• _Data for the task_
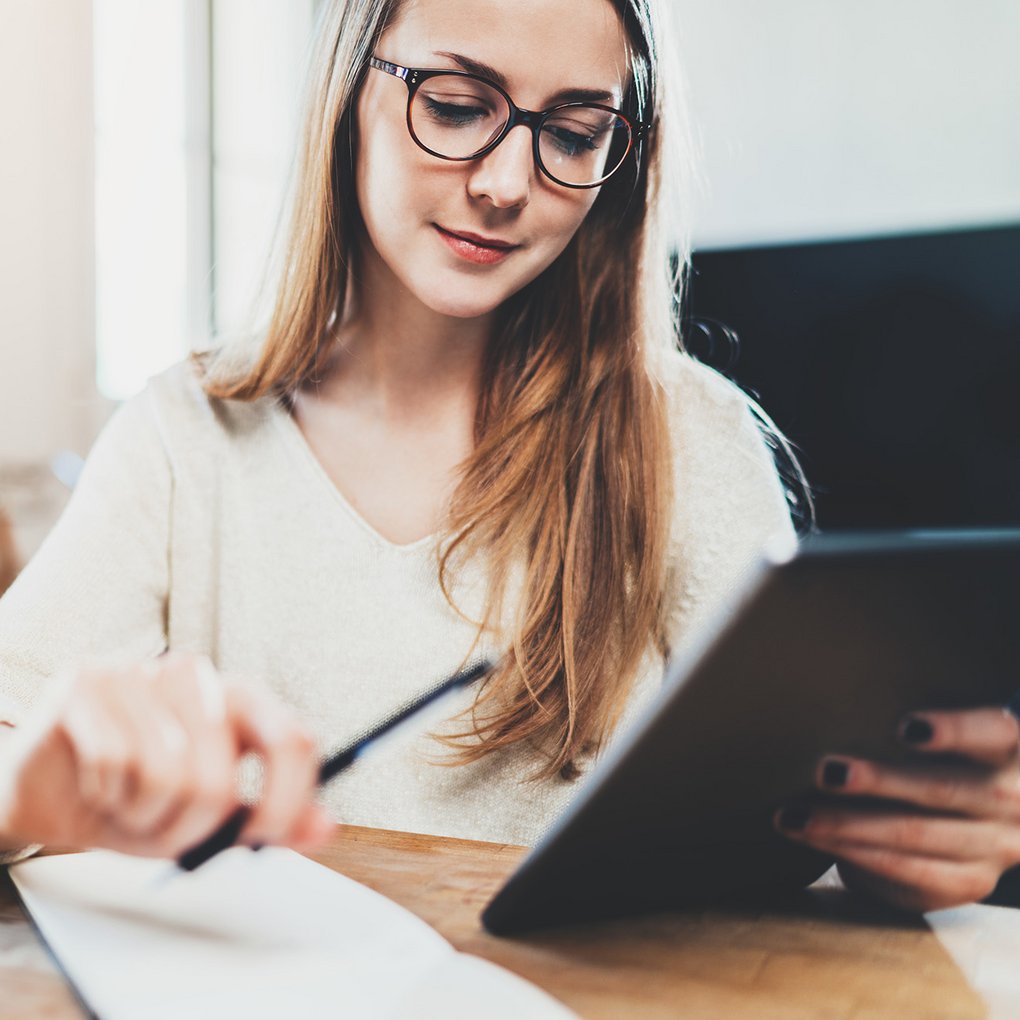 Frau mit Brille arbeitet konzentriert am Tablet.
* * *
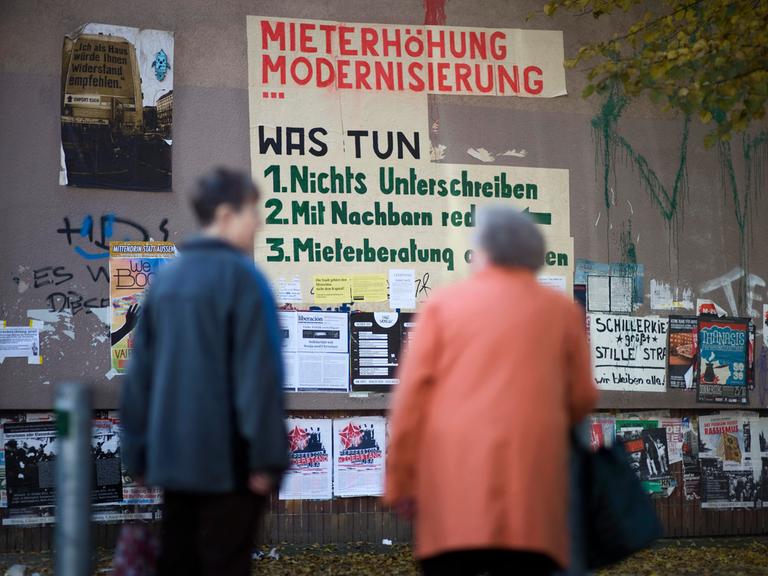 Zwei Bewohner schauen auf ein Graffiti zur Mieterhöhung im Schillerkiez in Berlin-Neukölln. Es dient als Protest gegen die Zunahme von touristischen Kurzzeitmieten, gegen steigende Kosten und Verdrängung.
---
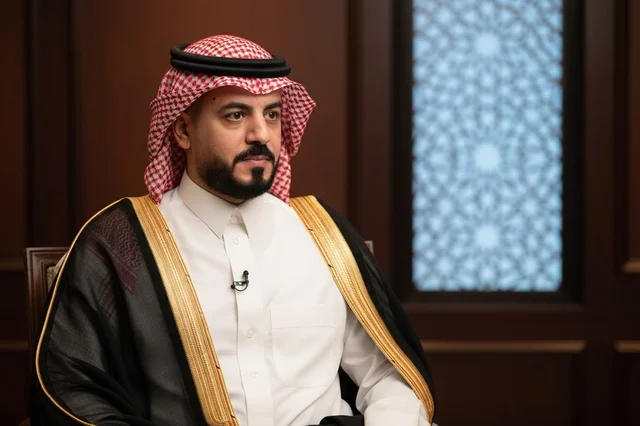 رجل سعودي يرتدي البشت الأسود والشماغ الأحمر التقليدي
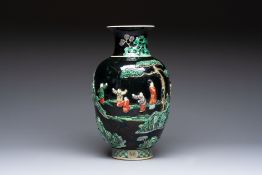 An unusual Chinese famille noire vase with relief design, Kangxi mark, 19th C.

• _Exercise brief_
Above is the material; set down exactly its lines from the one containing "رجل سعودي يرتدي" down to the one containing "An unusual Chinese", both included, leaving out any pictures.

• _Task response_
 رجل سعودي يرتدي البشت الأسود والشماغ الأحمر التقليدي
 An unusual Chinese famille noire vase with relief design, Kangxi mark, 19th C.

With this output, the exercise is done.